- _Data below_
━━━━━━━━━━━━━━━━━━━━━━━━━━━━━━
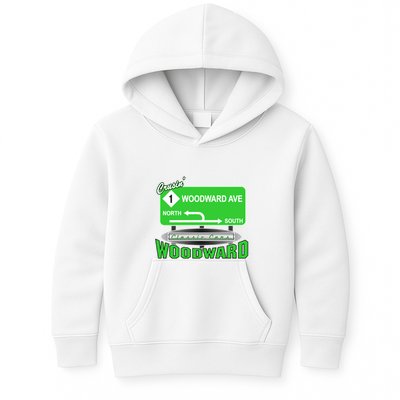Woodward Ave Street Sign Kids Hoodie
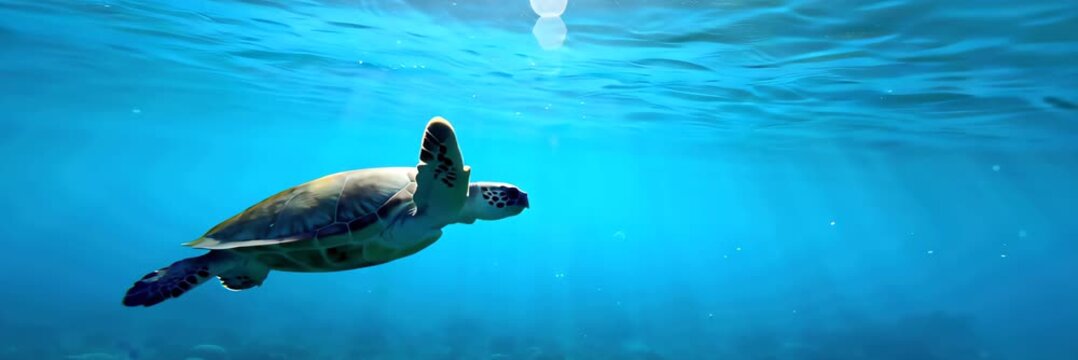 Sea turtle swimming underwater in clear blue ocean with copy space for text, marine wildlife nature concept.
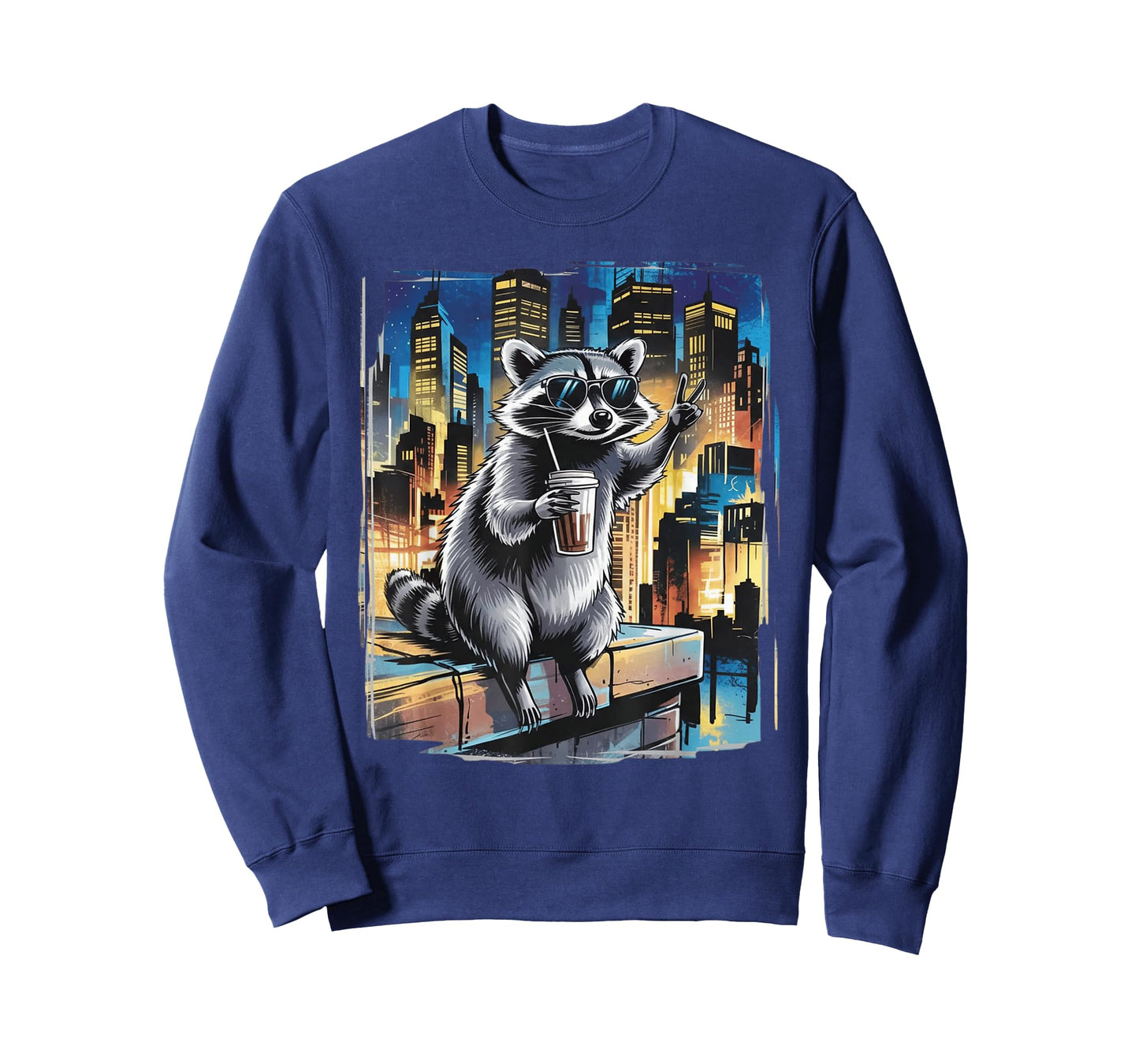 Funny Raccoon Drinking Iced Coffee Animal Meme Graphic Tee T-Shirt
━━━━━━━━━━━━━━━━━━━━━━━━━━━━━━
Set the listing down in full and exactly. Pictures within it should not appear in the copy.

Woodward Ave Street Sign Kids Hoodie
 Sea turtle swimming underwater in clear blue ocean with copy space for text, marine wildlife nature concept.
 Funny Raccoon Drinking Iced Coffee Animal Meme Graphic Tee T-Shirt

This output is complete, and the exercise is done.